These writings are not in the spirit of socialist realism beloved of leftists and ultra-leftists as evidence of workers' growing consciousness according to the hymn sheet whereby the subject of material change gains enlightenment from the revolutionary theorists. To be sure, John was friendly with some of the better 'revolutionary' types of his times but it was never tub-thumping like that as more than not, mutual laughter and simple relaxed enjoyment was the essence of these encounters. More than ever, JD's writings are more the outcome ' in no matter how incoherent way ' of the explosive response to the revolutionary implications behind the self-destruction of modern art and poetry. It wasn't consciously recognised like that but it nevertheless worked its way behind his back in that free form letting go and drift which of its own momentum often desperately searches for the praxis that will change forever these horrible conditions we are forced to submit to. In that sense, JD's musical rantings have more to do with Joyce's semi-nonsensical montage though profound in suggestion, marking the finality of the novel in Finnegans Wake than anything a dull as ditch water, literary leftist follower of Bertold Brecht, could ever have imagined. As John said in one of these tempestuous cries of a damned soul: "Let's begin at the end". Finally the pieces of paper JD emptied his diatribe of words on were often then made into paper aeroplanes he then sent whizzing across his slowly evolving charnel house of a sitting (and dying) room.

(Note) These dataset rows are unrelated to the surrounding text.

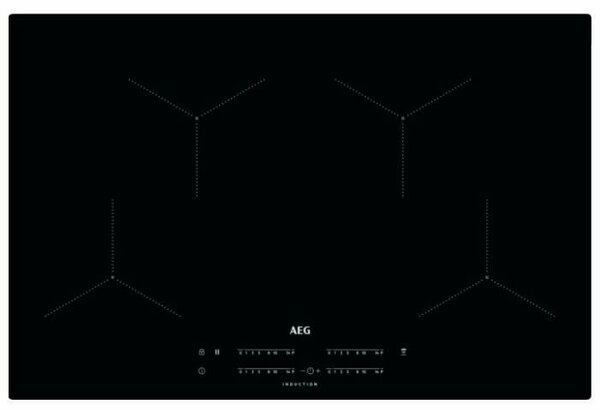Индукционная варочная панель AEG IKB84431IB, 4 конфорки, черный (IKB84431IB)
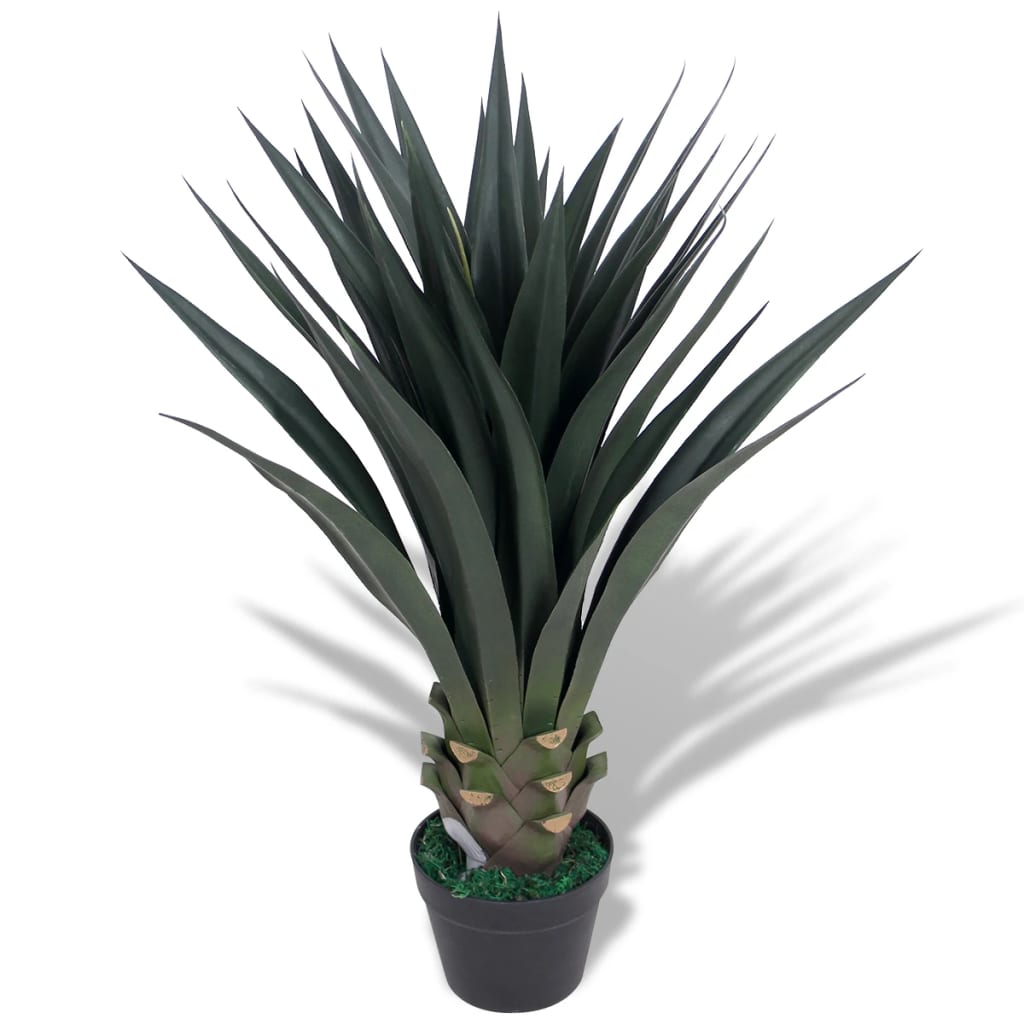 Vidaxl Art Yucca Plant con pentola 85 cm verde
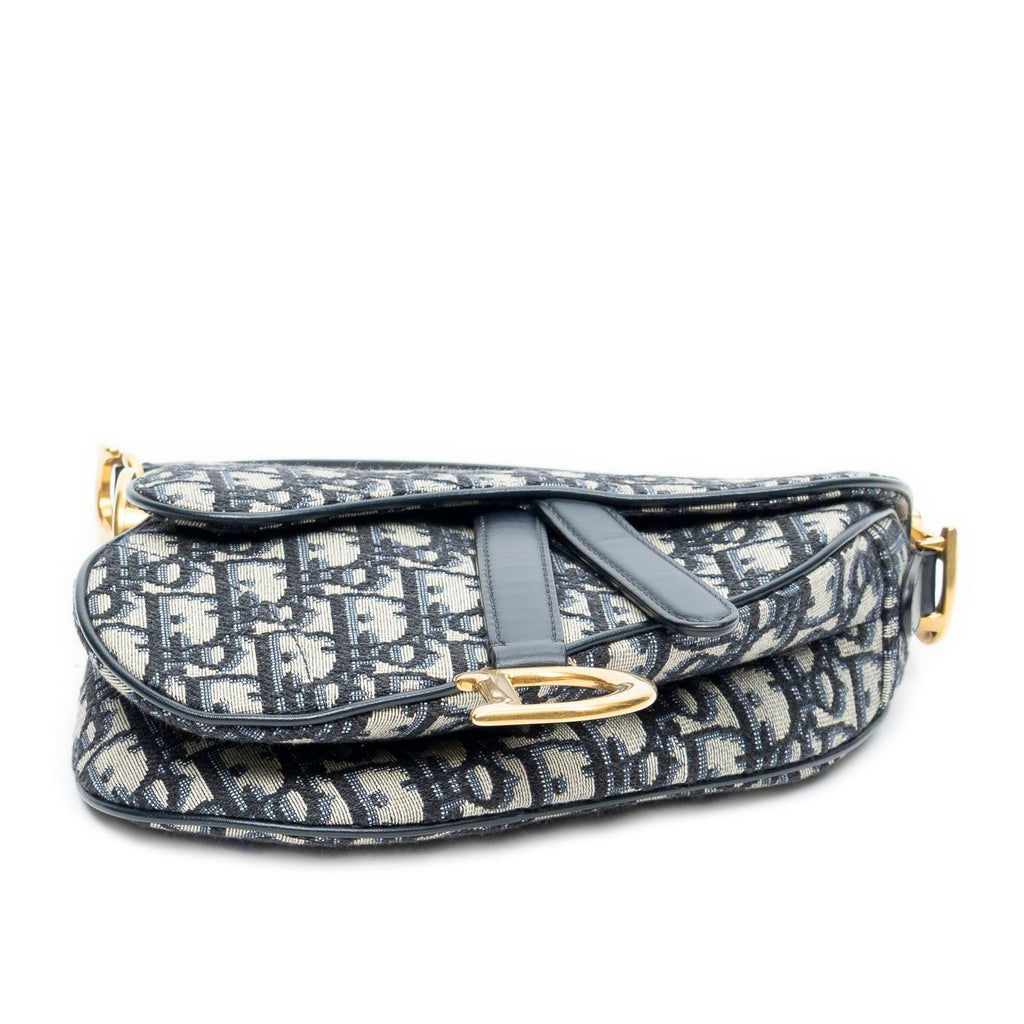 Dior Bag Navy Beige Oblique Jacquardcanvas — view 6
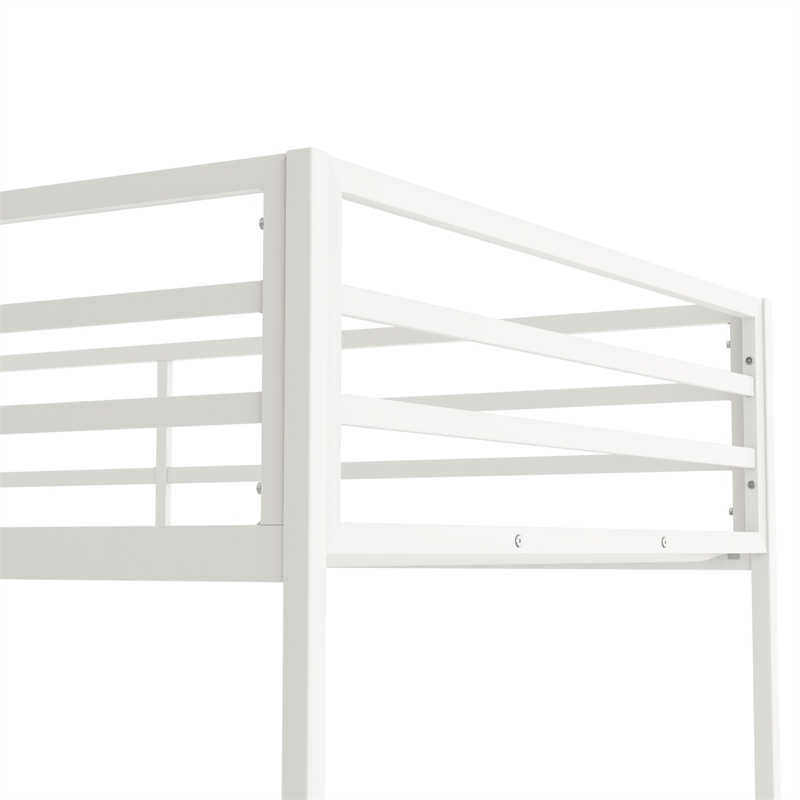 Furniture of America Saintel Iron Twin over Twin Bunk Bed in White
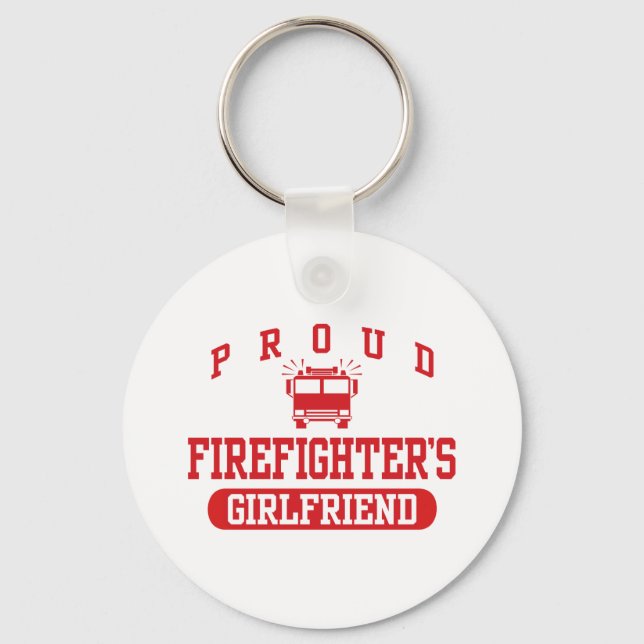 Firefighter's Girlfriend Keychain (Front)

JD throughout his life was always full of inquisitive thought responses as he applied his own interpretation to TV, book and newspaper. The family toilet always had books piled high along the tiny window ledge as you inevitably picked up and dipped into as you had a crap. They were always really interesting stuff. Thinking like this, especially for a worker who isn't constantly contemplating weasel word arrangement in order to con some gullible idiot, tended to cut through to the nitty gritty even though painful simply because the whole weight of the totality of exploitation in work & liesure becomes that much more impossible to bear. JD knew the condition well constantly returning to his refrain: "No brain, no pain". Once two serious work-related illnesses set in ' bowel colitus and diabetes ' alongside the boozing he found impossible to kick ' that mental anguish springing from sharp analysis plus the unrelenting and increasing physical pain meant his diatribe of notes were flung down at screaming pitch.
First though a little bit of background. Throughout most of his later years at Kiveton Park colliery in South Yorkshire, JD worked as a welder in the workshops near the pit head winding gear where, along with his work mates, he adapted the imported machinery for extracting the coal to the specific conditions underground of the colliery coal seams and tunnels. The workshop was obviously constantly full of noxious fumes and, over the years, it was bound in the best of circumstances to take is physical toll no matter what health and safety precautions one cared to take. JD, needless to say, with his devil-may-care attitude, was none to careful about such things. Increasingly, particularly after the defeat of the miners in 1985, he would have more than a little drink before going to work ' especially if it was a late or night shift. Sometimes he'd take a top-up flask with him and then amid all the acrid welding fumes there'd be that ciggy stuck in his mouth. As he'd often point out, the defeat meant management were nastily on the offensive constantly whittling away at that margin of freedom and conversation that the miners themselves had created before the strike which meant you could have a relatively good time as the craic and banter flowed between work mates. That little flask could take the worst edge of dumb-fuck, vindictive management which also was a major factor in the many flash flood 'ragouts' (small wildcat strikes) that often occurred in the shifts between the defeat and the wholesale pit closures begun in 1993
"Myself is beginning to demolish": (JD 1999)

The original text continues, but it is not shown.